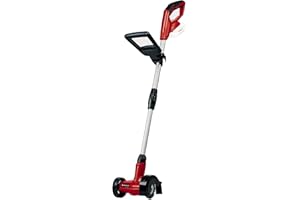 Einhell Power X-Change 18V Cordless Grout Cleaner - Adjustable Telescopic Long Handle, Replaceable Brushes (Nylon And Steel Included) - GE-CC 18 Li Solo (Battery Not Included)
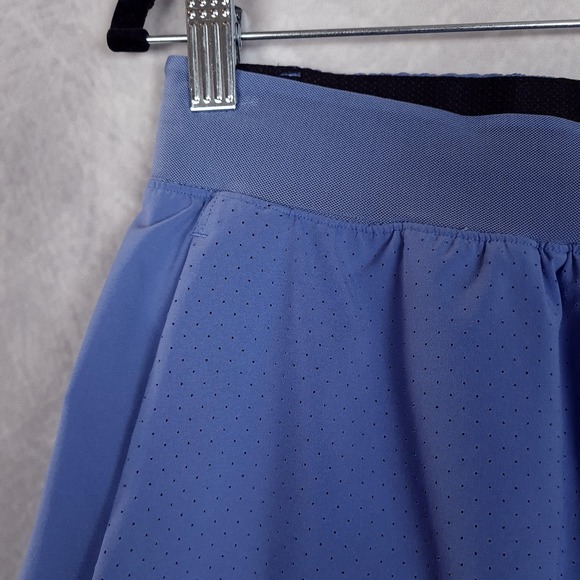 Lululemon Shorts Mens Large Purple Lined Tennis Running Training Mesh Vented - Picture 2 of 16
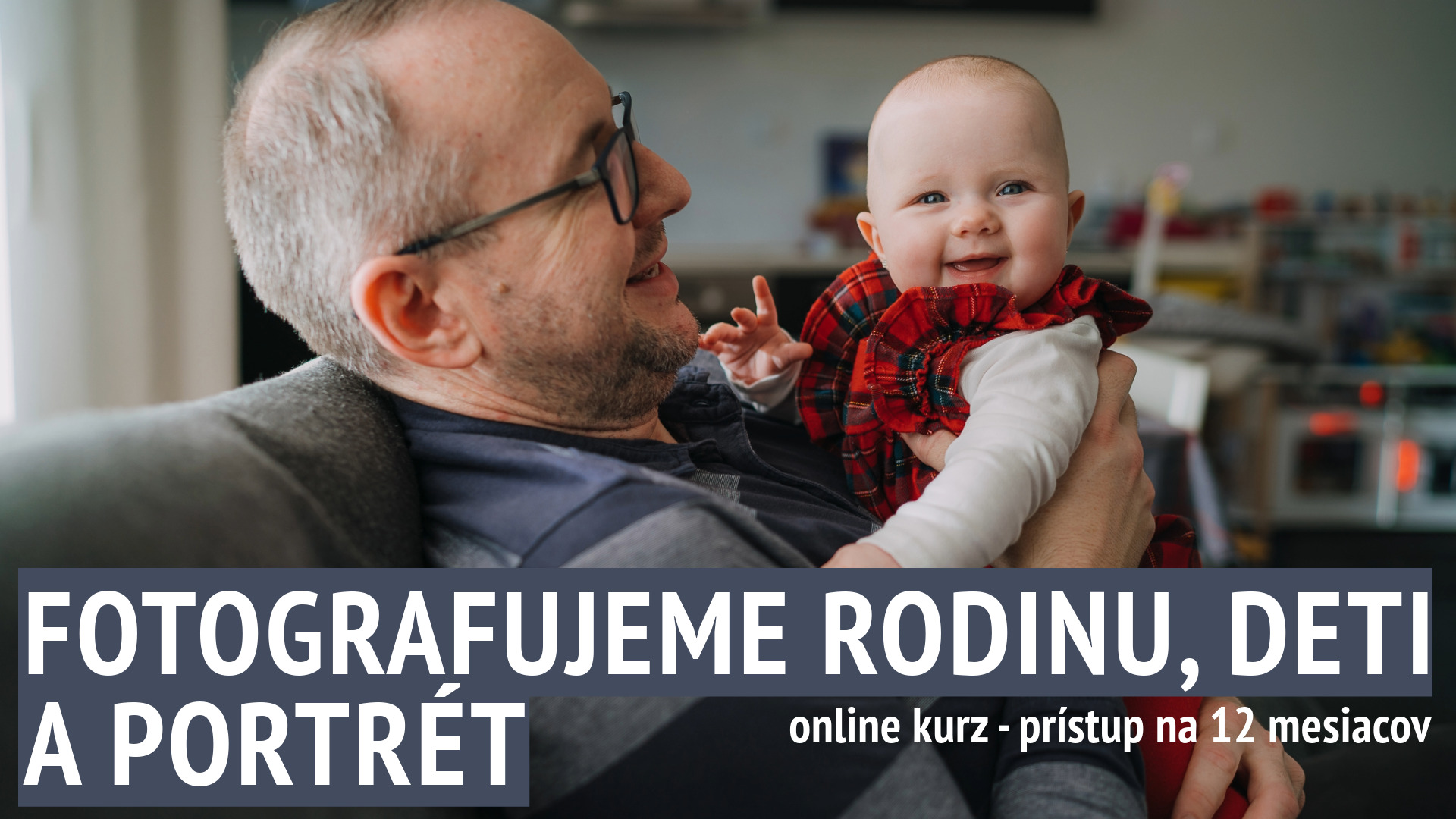 Fotogarfujem rodine, deti a portrét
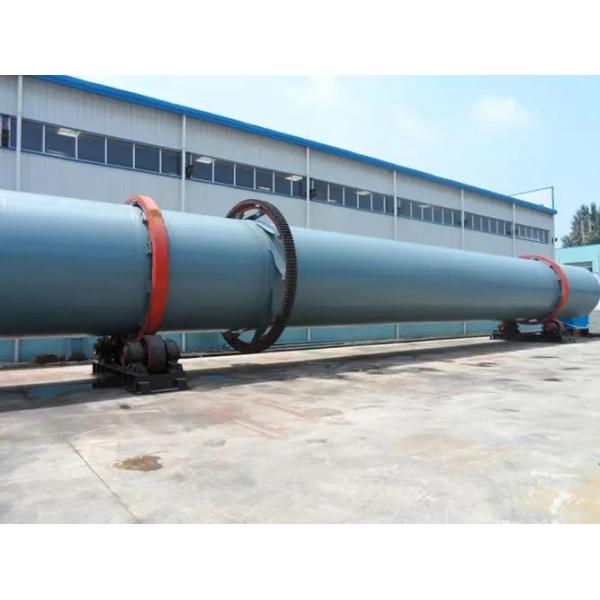 Stable Rotary Drum Cooler For Building Materials Industry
------------------------
**Problem requirements**
The response must repeat all the lines above exactly and include no pictures.

**Answer section**
 Einhell Power X-Change 18V Cordless Grout Cleaner - Adjustable Telescopic Long Handle, Replaceable Brushes (Nylon And Steel Included) - GE-CC 18 Li Solo (Battery Not Included)
 Lululemon Shorts Mens Large Purple Lined Tennis Running Training Mesh Vented - Picture 2 of 16
 Fotogarfujem rodine, deti a portrét
 Stable Rotary Drum Cooler For Building Materials Industry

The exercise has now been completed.